Your job is to print, exactly, the lines in the data below from the line with "new 2 pieces" through the line with "Calvin Klein Red", both included, and to omit any picture.

___

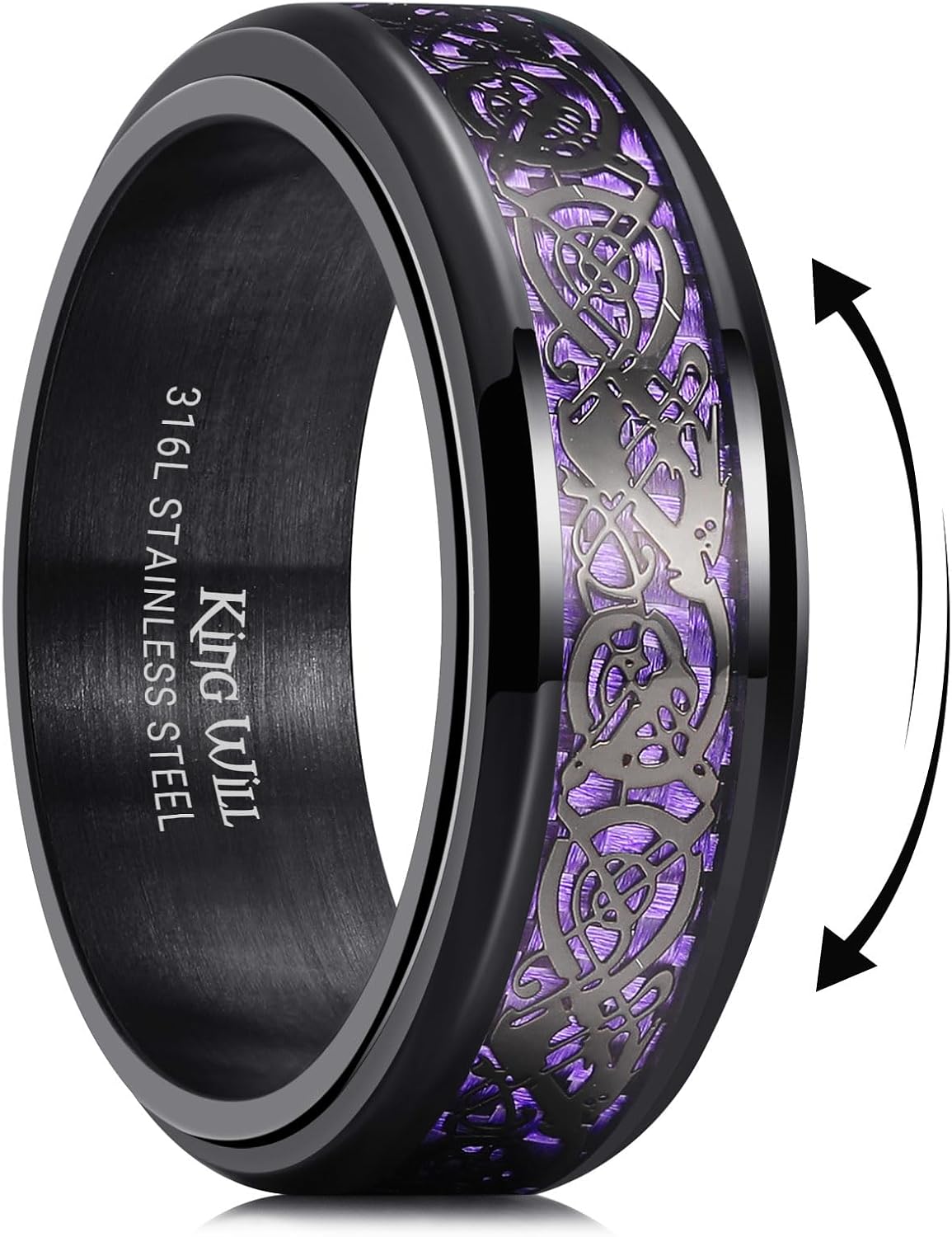 King Will 316L Stainless Steel Spinner Ring for Men Women- 8mm Width Fidget Ring with Dragon/Celtic Knot Pattern, Stress Anxiety Relief Comfort Fit Wedding Band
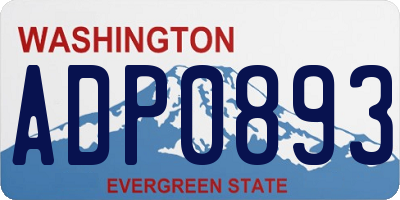 WA license plate ADP0893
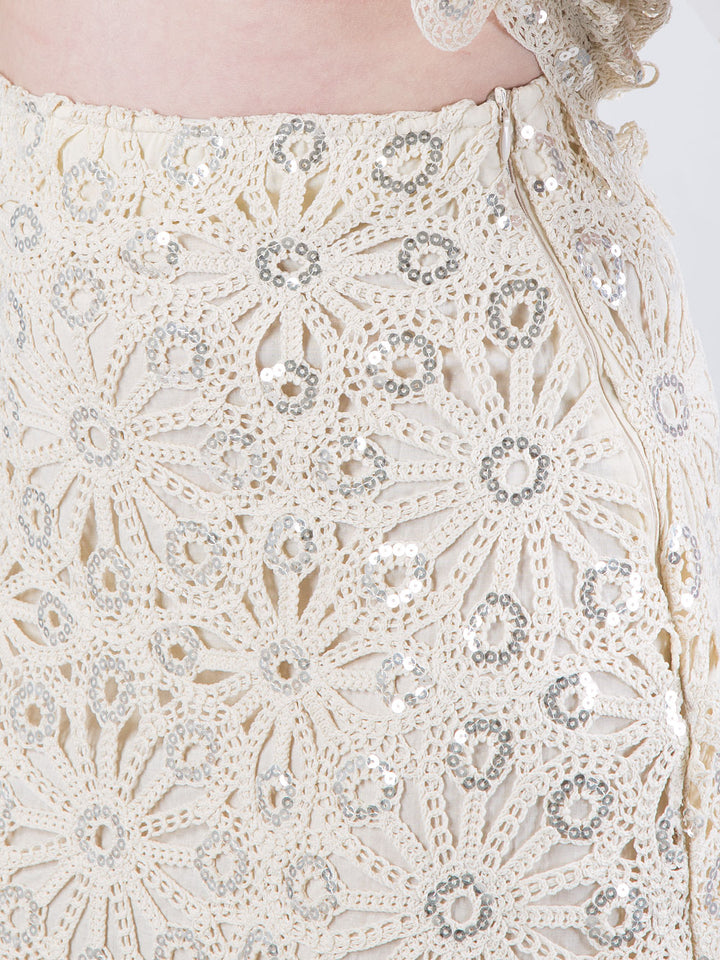 Gonna lounguette crochet con paillettes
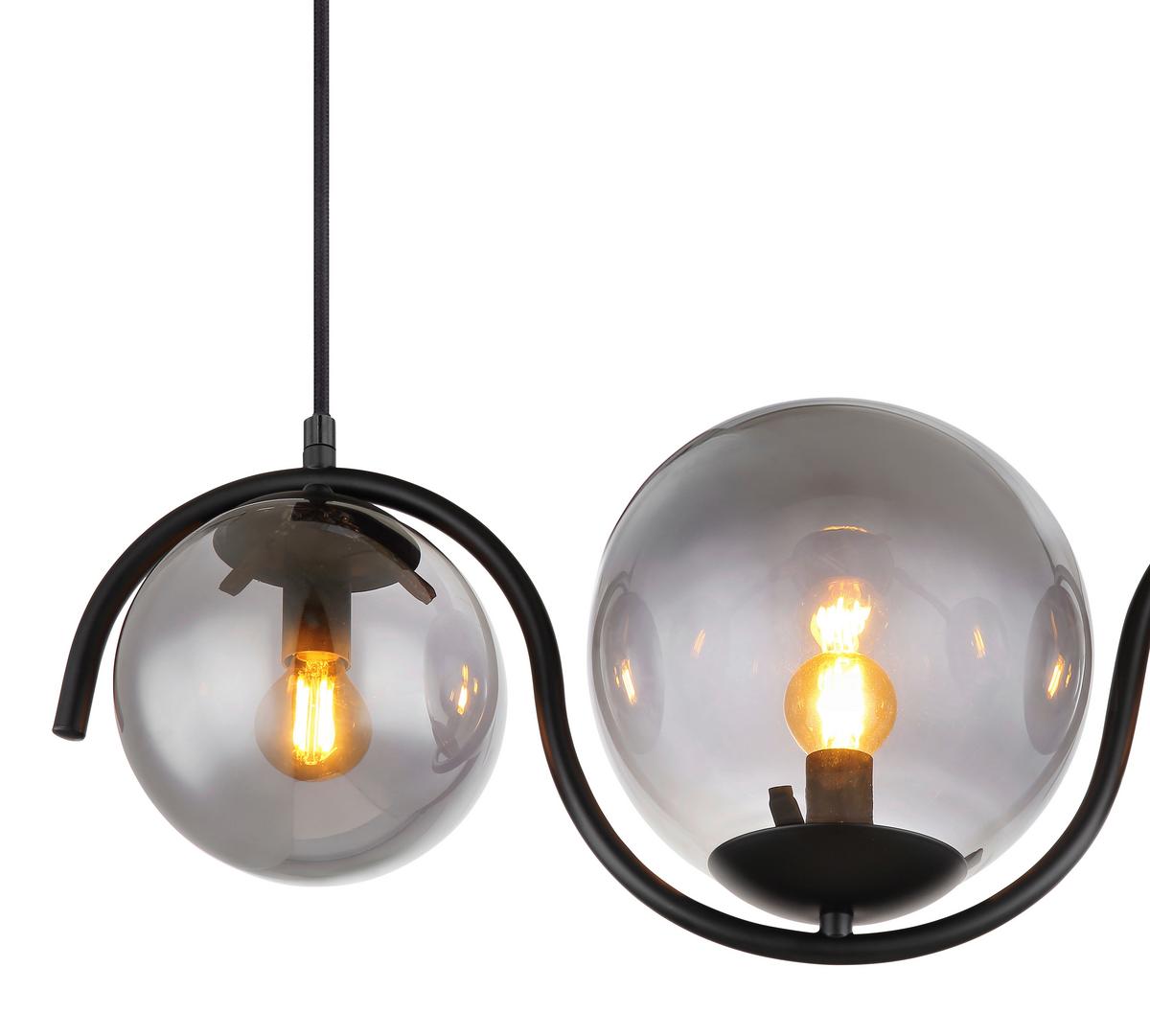 LAMPA WISZĄCA PORRY SCHWARZ - czarny, Basics, metal/szkło (60/20/120cm) - Globo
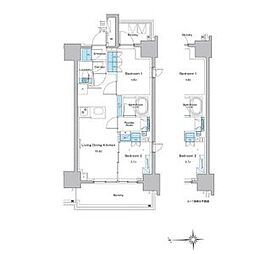 東京メトロ東西線 門前仲町駅 徒歩9分の賃貸マンション 8階2LDKの間取り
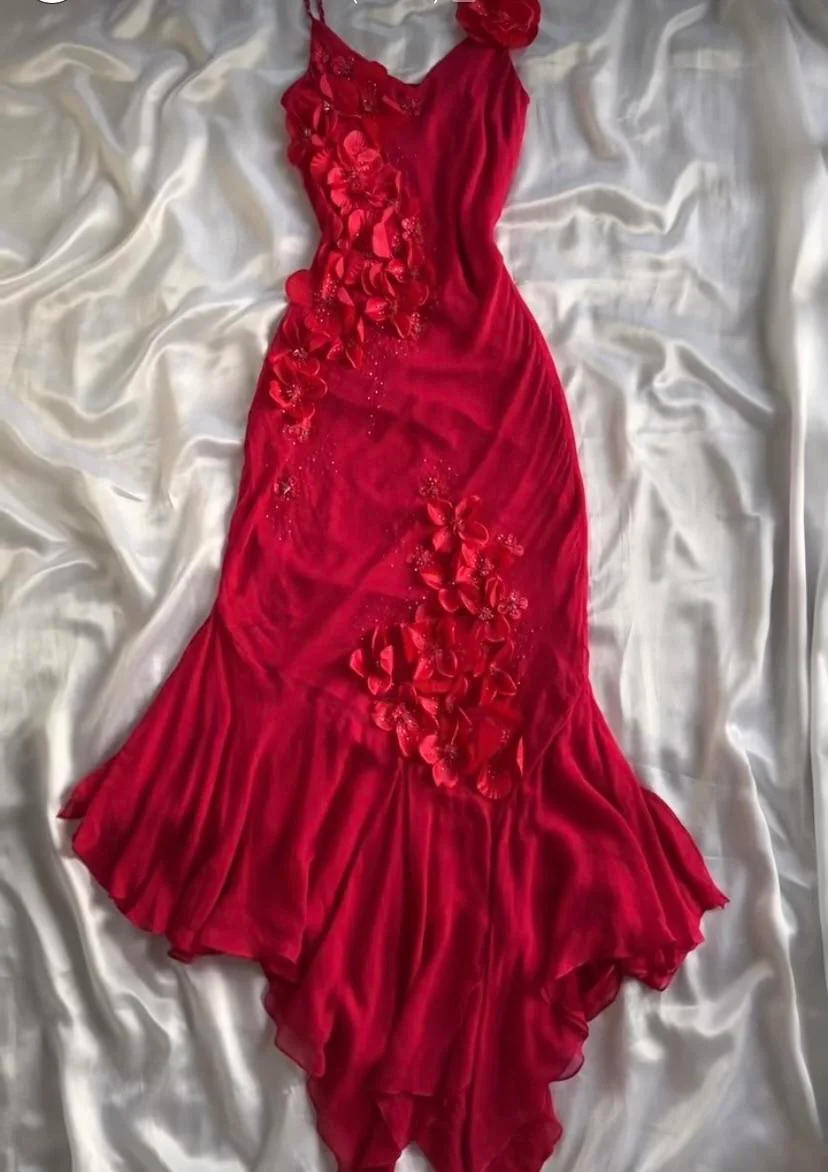 Sexy Sheath Asymmetric Spaghetti Straps Chiffon Sleeveless Burgundy Prom Dresses Evening Gowns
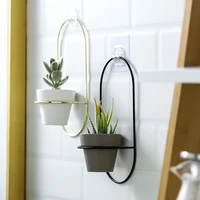 new 2 pieces pottery planters modern wall hanging flower pots with metal stands small flower vase home wall decoration
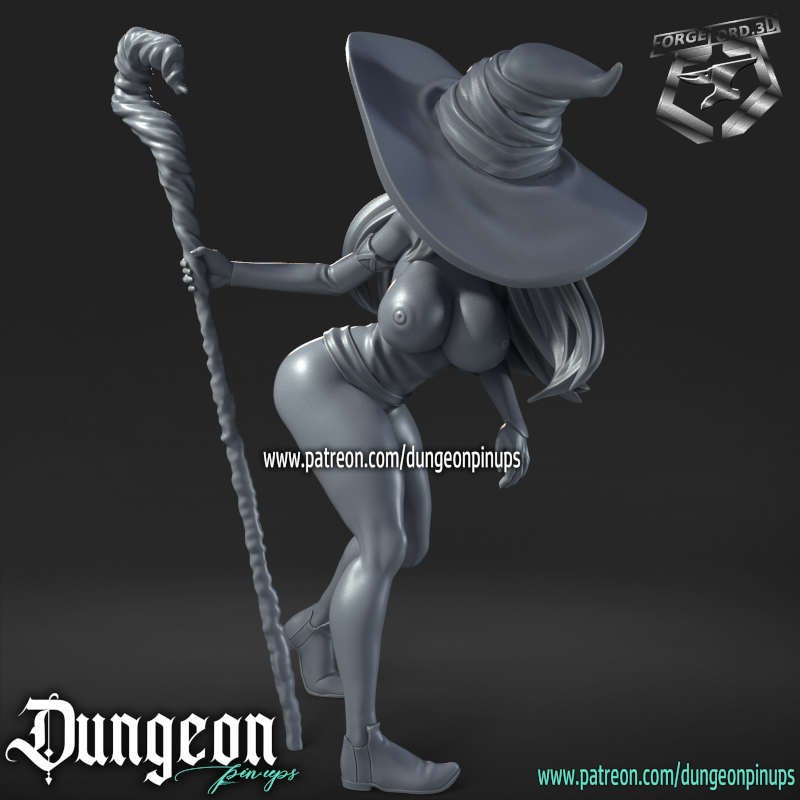 DC sorceress nude-statue-75mm-RN-Estudio-figurines-fantasy-tabletop-RPG-3D-miniatures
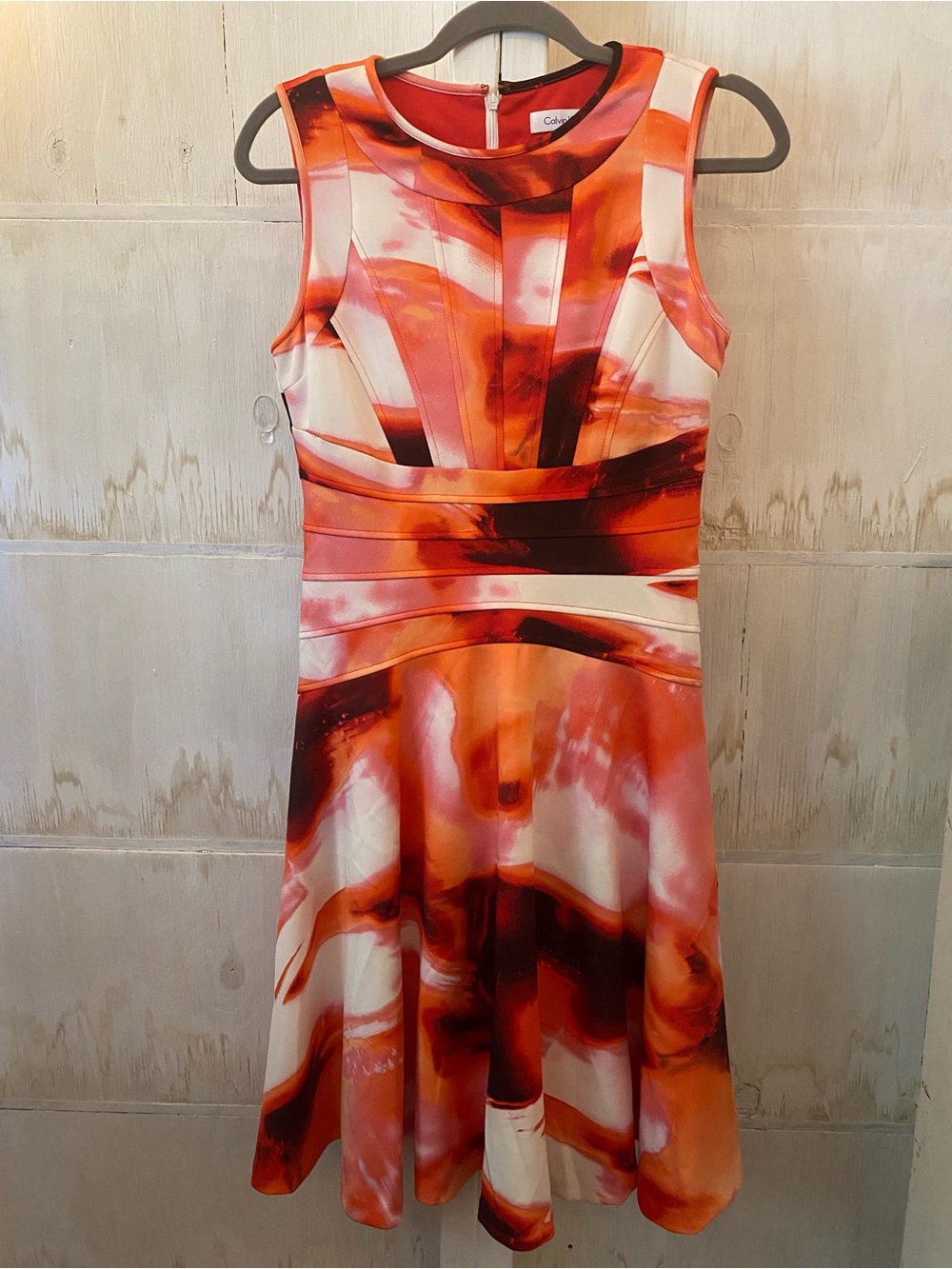 Calvin Klein Red and Orange Watercolor Fit-and-Flare Midi Dress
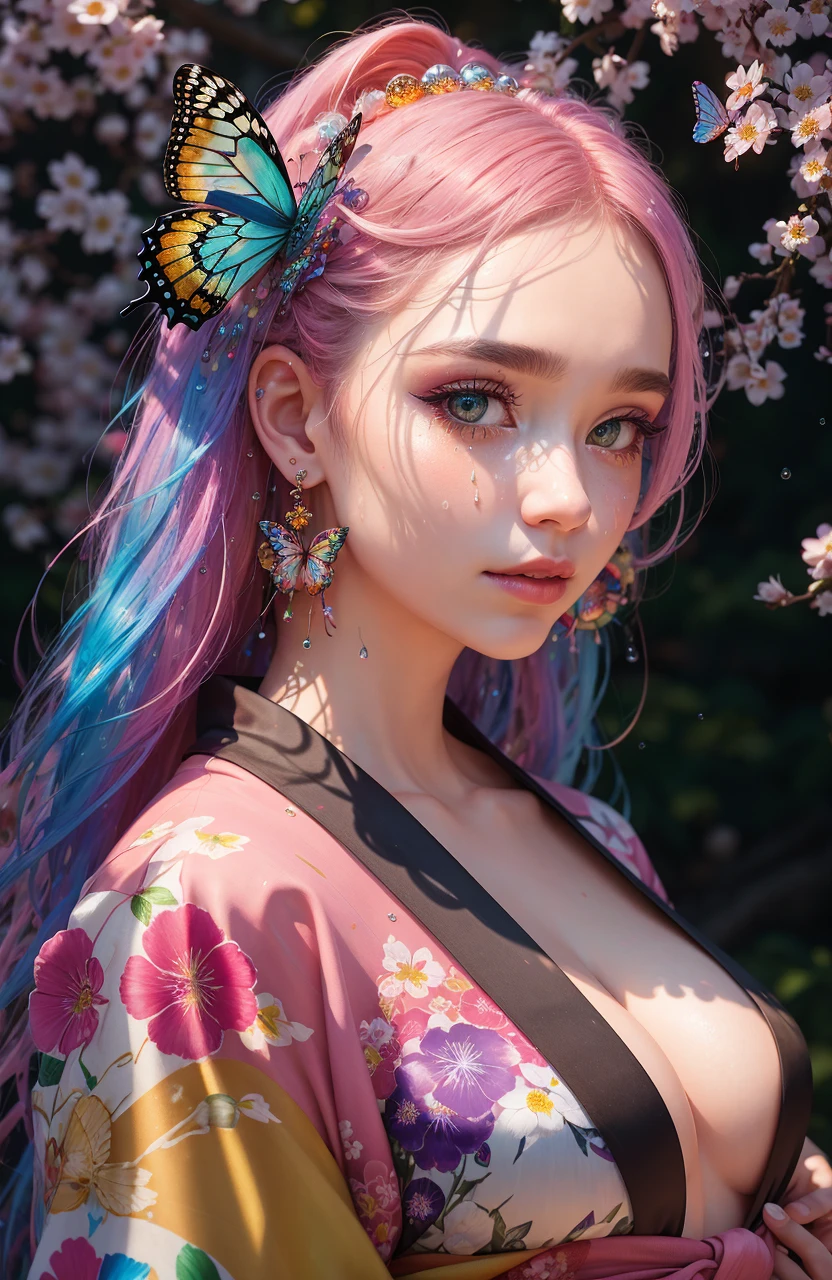 shukezouma, octane render, hdr, (hyperdetailed:1.15), (soft light, sharp:1.2), 1girl, beautiful girl, ultra detailed eyes, mature, plump, thick, rainbow painting drops, paint teardrops, woman made up from paint, entirely paint, splat, splash, long colored hair, kimono made from paint, ultra detailed texture kimono, rainbow paint kimono, paint bulb, paint drops, (hair ornaments, earrings, flowers hair ornaments, butterflies hair ornaments), outdoors, sakura trees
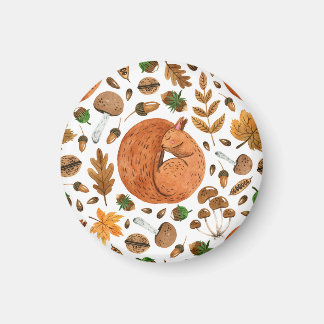 Íman Autumn Dreams: Watercolor Squirrel Haven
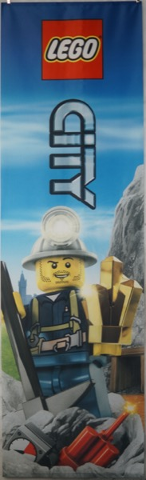 Display Flag Cloth, City Mining, Miner with Rock Crystal and Pickaxe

___

■ EXERCISE RESPONSE ■
 new 2 pieces pottery planters modern wall hanging flower pots with metal stands small flower vase home wall decoration
 DC sorceress nude-statue-75mm-RN-Estudio-figurines-fantasy-tabletop-RPG-3D-miniatures
 Calvin Klein Red and Orange Watercolor Fit-and-Flare Midi Dress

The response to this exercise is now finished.